Pocket document cameras improve remote teaching and learning
Early this semester faculty member Kelly Davis sent me a message about 3D-printed document cameras and asked who might be able to provide these for her, other instructors, and mathematics students. Eager to take on this challenge, I connected with IgnitED Lab staff members to start planning how our labs could create these for the mathematics program.
Document cameras (doc cams) are cameras that display video of whatever is in view of the cam. These attach to a laptop screen, and, with free supplemental software, reflect the surface below the webcam. When learning mathematics, this is significant because students can show their written work or their use of manipulatives using the cams.

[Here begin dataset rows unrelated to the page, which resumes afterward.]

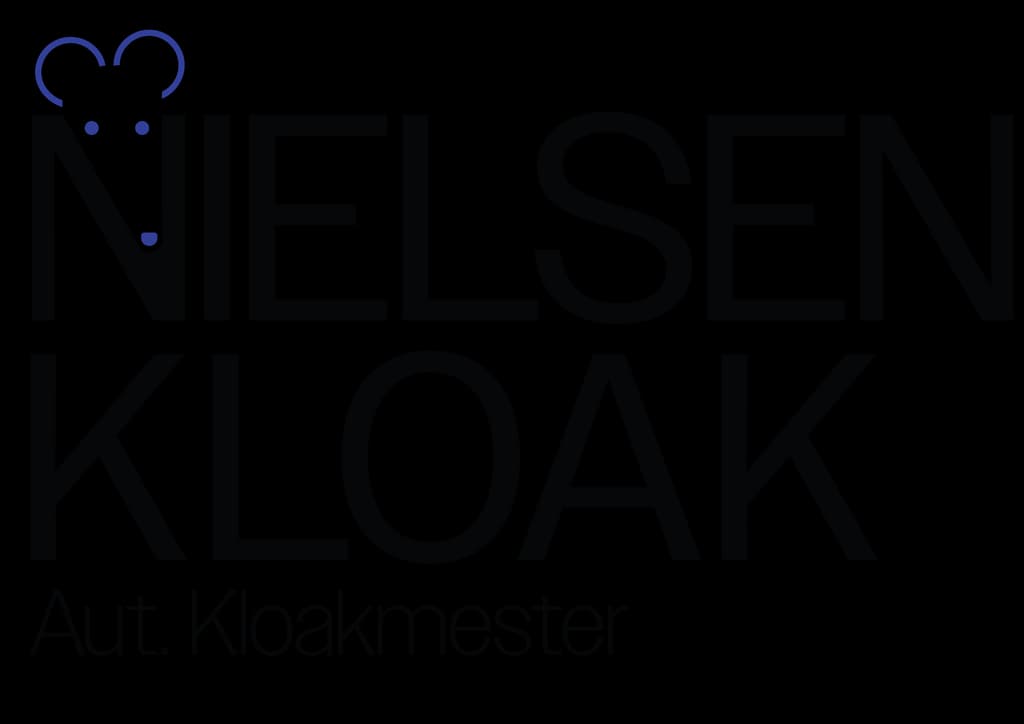 Nielsen Kloak ApS logo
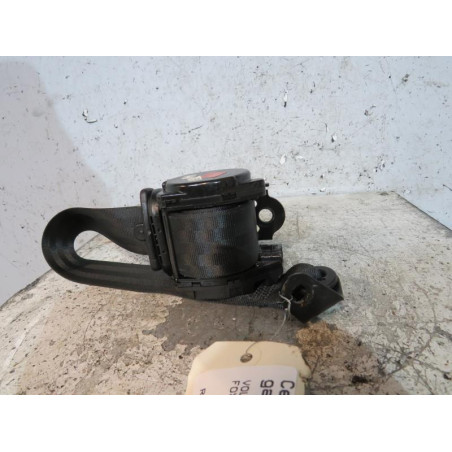 Ceinture arriere gauche VOLKSWAGEN FOX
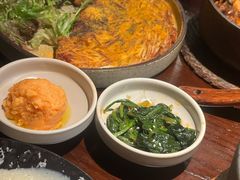 -Fuzzy Bistro 浮几韩餐·茶酒馆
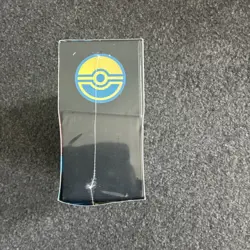 Pokemon TCG Mega Evolutions Lucario Elite Trainer Box ETB Sealed NEW - in hand. - Image 4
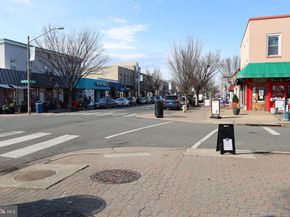 217 Duncan Avenue A, Alexandria VA 22301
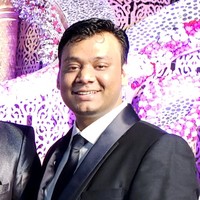 Atul Agarwal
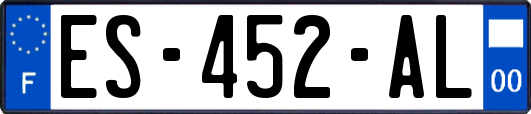 ES-452-AL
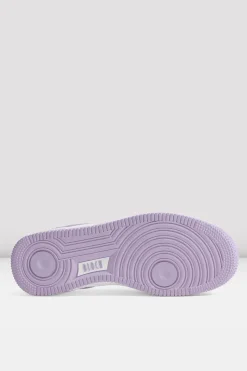 Adult Kix Dance Sneakers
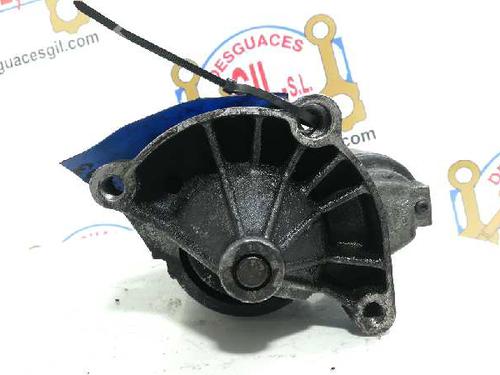Starter CITROËN ZX (N2) 1.9 D | BP20736793M8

Instructors are able to make remote teaching more engaging and effective by displaying and modeling their thought processes and work live during instruction. An Instructor is better able to understand how the student is learning and provide targeted guidance when able to see the students’ written problem-solving. Doc cams are well over $100, but a pocket doc cam made of a 2”x2” mirror and 3D-printed materials costs about $5 to produce.
The IgnitED Labs has 3D printers as part of our emerging technology experience options in our three lab locations. I asked our educational technology champions (ETCs) to test some prototypes for different laptops and start production. Pinak Padman, an ETC at Tempe, discovered a flexible design that would fit multiple laptop screens, so they progressed with manufacturing that design.
Our rollout followed soon after. Faculty members were the first to pick up their doc cams. We then scheduled times for students to pick up cams from the IgnitED Lab Tempe location. The ETCs developed an instructional guide for setup and use. For those students who could not make it to campus, Ashley Goernitz, Lead ETC at Tempe, developed two videos to guide students in making their own doc cams with easy-to-access household items like a toilet paper inner roll and a compact mirror. Jeffrey Derrick, another ETC from Tempe, also worked to print and distribute the cams.
Kelly Davis and Photini Spanias collaborated to create this video that features their use and students’ use. IgnitED Labs is proud to have contributed to this, which is just one story of resilient and creative collaboration from our college community.